Meta Platforms will require advertisers to declare the use of artificial intelligence or other digital tools to affect political or election-related ads on Facebook and Instagram beginning in 2024. This comprises manufactured individuals or genuine people speaking or doing things they did not say or do. Notably, Meta will also insist that any fabricated events or edited footage be disclosed.
The policy updates, including Meta's earlier announcement on barring political advertisers from using generative AI ads tools, come a month after the Facebook-owner said it was starting to expand advertisers' access to AI-powered advertising tools that can instantly create backgrounds, image adjustments and variations of ad copy in response to simple text prompt.
Alphabet's Google, the biggest digital advertising company, announced the launch of similar image-customizing generative AI ads tools last week and said it planned to keep politics out of its products by blocking a list of "political keywords" from being used as prompts.

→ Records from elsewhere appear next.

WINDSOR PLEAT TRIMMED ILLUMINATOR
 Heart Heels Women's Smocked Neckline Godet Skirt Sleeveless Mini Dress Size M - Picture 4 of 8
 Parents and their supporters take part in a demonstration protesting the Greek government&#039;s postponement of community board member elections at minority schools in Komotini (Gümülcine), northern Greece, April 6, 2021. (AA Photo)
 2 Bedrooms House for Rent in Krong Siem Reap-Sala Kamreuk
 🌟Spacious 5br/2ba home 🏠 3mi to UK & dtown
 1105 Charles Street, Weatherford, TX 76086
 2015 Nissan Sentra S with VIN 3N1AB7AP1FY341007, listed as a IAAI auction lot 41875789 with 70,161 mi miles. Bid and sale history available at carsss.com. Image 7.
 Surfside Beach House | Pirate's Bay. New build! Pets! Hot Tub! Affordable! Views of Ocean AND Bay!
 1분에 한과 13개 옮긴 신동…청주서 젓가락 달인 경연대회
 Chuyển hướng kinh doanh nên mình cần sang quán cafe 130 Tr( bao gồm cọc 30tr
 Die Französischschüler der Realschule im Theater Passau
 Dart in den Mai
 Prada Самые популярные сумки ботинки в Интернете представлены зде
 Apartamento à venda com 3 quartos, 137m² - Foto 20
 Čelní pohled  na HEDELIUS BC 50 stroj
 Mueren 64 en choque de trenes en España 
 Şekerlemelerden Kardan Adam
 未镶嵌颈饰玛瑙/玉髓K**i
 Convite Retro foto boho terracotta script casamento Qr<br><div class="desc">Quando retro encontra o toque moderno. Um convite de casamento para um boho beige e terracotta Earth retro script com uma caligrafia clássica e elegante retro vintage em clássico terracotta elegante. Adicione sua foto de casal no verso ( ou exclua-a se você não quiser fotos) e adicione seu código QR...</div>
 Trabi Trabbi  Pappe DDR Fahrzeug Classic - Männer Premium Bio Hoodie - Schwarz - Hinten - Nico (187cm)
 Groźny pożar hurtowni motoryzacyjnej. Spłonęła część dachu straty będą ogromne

Lawmakers in the US have been concerned about the use of AI to create content that falsely depicts candidates in political advertisements to influence federal elections, with a slew of new "generative AI" tools making it cheap and easy to create convincing deepfakes.
Meta has already been blocking its user-facing Meta AI virtual assistant from creating photo-realistic images of public figures, and its top policy executive, Nick Clegg, said last month that the use of generative AI in political advertising was "clearly an area where we need to update our rules."